I see why this got so much discussion, it's a very grey area from my point of
view.

------
gohrt
Article doesn't mention OKC ToS one way or the other. What are the ToS?

Most sites ban content scraping by users (And good sites have technical
countermeasures)

------
collyw
70,000 users is now big data....?

------
apecat
Here's a thing I wrote on my personal FB wall as I linked to this article.

####

Some creepy Danish assholes went ahead and released a full dataset on 70.000
random users of the OkCupid dating service "because data science".

After being confronted about the questionable ethics of this stunt, lead
researcher Emil O. W. Kirkegaard refuses interviews, stating that the data was
already public. Kirkegaard also implies that opponents of his methods are
"social justice warriors", an oftentimes euphemistic term for people
interested in things like gender and minority rights issues. Interestingly,
this term is repeated and specified as an area explicitly excluded from
Kirkegaard's interest in "civil liberties" on his personal website.

In addition to "civil liberties", the personal website of this "26 year old
polymath wannabe" (read: fuckwit neckbeard) lists interests such as online
privacy and the Pirate Party. That's right, you can't make this shit up:
[http://emilkirkegaard.dk](http://emilkirkegaard.dk)

These people simply don't care that the "public" information posted on a
dating site may cost certain people their jobs, families or even their lives,
at any point in the future. Open source intelligence like this may be used to
extort people at a later date or lower the threshold for invisible
discrimination everywhere from the job market to insurance claims.

Perhaps all this seems irrelevant to Kirkegaard, as his self-defined interest
in liberty explicitly excludes those most vulnerable to such structures.

The rest of us could do worse than to remember what is going on and question
how informed our consent really is: By default, everything you do on the
mainstream internet is recorded. Private browser modes don't really help to
protect you and neither do VPNs. Practically everything you typically do leaks
information that can be connected back to you. For a demo, see
[https://panopticlick.eff.org](https://panopticlick.eff.org).

And oh, dating sites don't exclude sharing your dating related personal info
with interested third parties ( [https://www.abine.com/blog/2012/privacy-on-
okcupid/](https://www.abine.com/blog/2012/privacy-on-okcupid/) ). But hey, you
probably don't live with one foot in the closet concerning any aspect of your
life you may have hinted at in a dating profile or its chat service. Right?

This time, professional stalkers in imaginary data science lab coats just
happened to unmask a bunch of information.

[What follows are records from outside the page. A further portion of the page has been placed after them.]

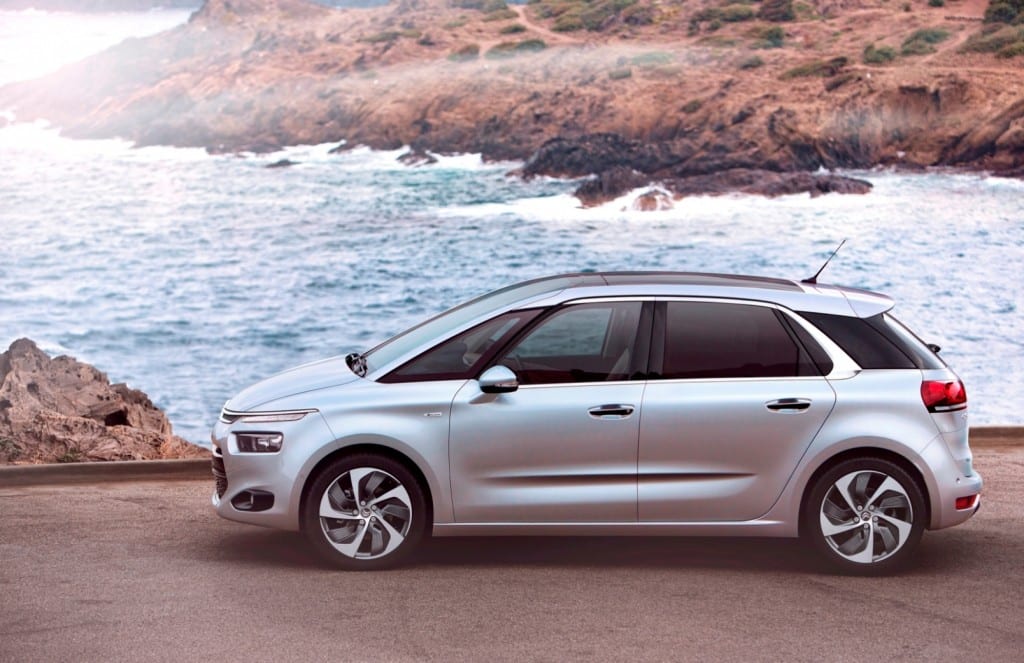 Citroën C4 Picasso www.e-motoring.com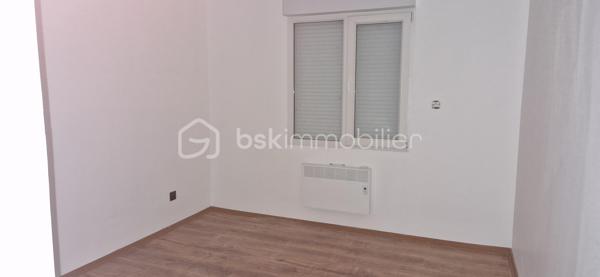 À découvrir à Viennay (79200) : ensemble immobilier offrant un fort potentiel pour un projet de construction ou d’investissement.

📍 La vente comprend l’ensemble des parcelles, non séparées et non viabilisées :

• Terrain avec maison : 786 m²
• Terrain : 738 m²
• Terrain : 450 m²
• Terrain : 1 068 m²
• Terrain : 989 m²

✨ Une maison hors d’air / hors d’eau est implantée sur la parcelle de 786 m².

La maison comprend :
• 83 m² habitables
• Garage de 18 m²

Travaux à prévoir :
• Électricité
• Assainissement
• Évacuations des eaux pluviales


Une belle opportunité pour investisseurs, constructeurs ou particuliers souhaitant réaliser un projet immobilier selon leurs envies.

📞 Pour plus d’informations ou organiser une visite :

Belén Pérez Lemes - Mandataire BSK IMMOBILIER
06 61 93 97 43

The wilful cluelessness apparent in
this case is even worse than in the decade-old case there AOL released a bunch
of poorly anonymised data on search habits:
[https://en.wikipedia.org/wiki/AOL_search_data_leak](https://en.wikipedia.org/wiki/AOL_search_data_leak)

Normally, interested parties would have to pay a bunch of money for datasets
from data brokers or ad/analytics companies and perform a varying degree of
computation to unmask and correlate some of the personally identifiable from
different sources. That sounds like work, but it's of course increasingly
possible to automate.

So, take a step back and realize that the only thing protecting you from an
existence in something way worse than the oversight of Stasi, the KGB or
Securitate, is the thin veil of aging and increasingly inefficient legal
protections we happen to have in many western democracies.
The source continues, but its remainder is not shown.